‘Disappeared completely’: Melting glaciers worry Central Asia

Near a wooden hut high up in the Kyrgyz mountains, scientist Gulbara Omorova walked to a pile of gray rocks, reminiscing how the same spot was a glacier just a few years ago.

At an altitude of 4,000 meters, the 35-year-old researcher is surrounded by the giant peaks of the towering Tian Shan range that also stretches into China, Kazakhstan and Uzbekistan.

The area is home to thousands of glaciers that are melting at an alarming rate in Central Asia, already hard-hit by climate change.

A glaciologist, Omarova is recording that process — worried about the future.

She hiked six hours to get to the modest triangular-shaped hut that serves as a science station — almost up in the clouds.

“Eight to 10 years ago, you could see the glacier with snow,” Omorova said.

AFP-JIJI

“But in the last three to four years, it has disappeared completely. There is no snow, no glacier,” she said.

The effects of a warming planet have been particularly visible in Central Asia, which has seen a wave of extreme weather disasters.

The melting of thousands of glaciers is a major threat to people in the landlocked region that already suffers from a shortage of water.

Acting as water towers, glaciers are crucial to the region’s food security, and vital freshwater reserves are now dwindling fast.

Only becoming worse

Equipped with a measuring device, Omorova kneeled over a torrent of melted water, standing on gray-covered ice shimmering in strong sunshine.

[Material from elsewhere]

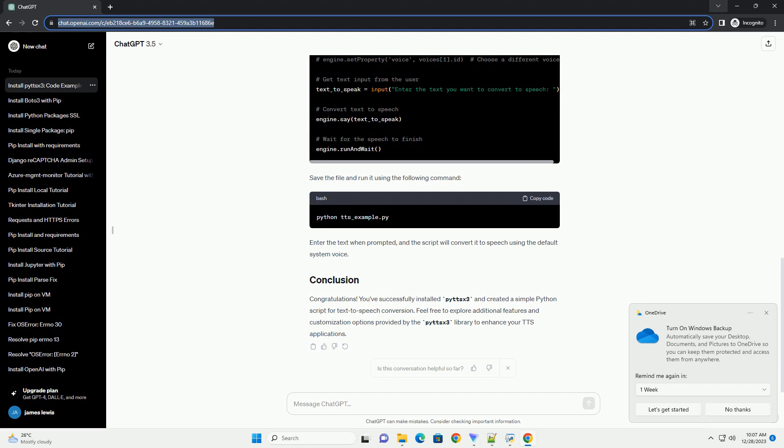Congratulations! You've successfully installed PYTTS X3 and created a simple Python script for text-to-speech conversion. Feel free to explore additional features and customization options provided by the PYTTS X3 library to enhance your TTS applications.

“We are measuring everything,” she said. “The glaciers cannot regenerate because of rising temperatures.”

A little farther on, she points to the shrinking Adygene glacier, saying it has retreated by “around 16 centimeters” every year.

“That’s more than 900 meters since the 1960s,” she said.

The once majestic glacier is only one of thousands in the area that are slowly disappearing.

Between 14% and 30% of glaciers in the Tian-Shan and Pamir — the two main mountain ranges in Central Asia — have melted over the last 60 years, according to a report by the Eurasian Development Bank.

Omorova takes measurements in a lake of melted water in the Tian Shan mountain range on July 8.

Omorova takes measurements in a lake of melted water in the Tian Shan mountain range on July 8.
| AFP-JIJI

Omorova warned that things are only becoming worse.

“The melting is much more intense than in previous years,” she said.

With scientists warning that 2024 is likely to be the hottest year on record, professions like hers have hugely grown in importance.

But resources are scarce in Kyrgyzstan, one of the poorest countries in former Soviet Central Asia.

“We lack measuring equipment, and there is not enough money to transport things to our observation station, where we don’t even have electricity,” Omorova said.

She hopes the Kyrygz government will draw up a law to protect the ice-covered giants.

Creating a new threat

The shrinking glaciers have also created a new threat for Kyrgyz towns and cities, with meltwater forming new lakes before tumbling down mountains in dangerous torrents, including toward the capital Bishkek.

Farther down the valley — in a grass-covered part of the mountain at 2,200 meters — two scientists, brothers Sergei and Pavel Yerokhin, worked on the banks of the fast-flowing water.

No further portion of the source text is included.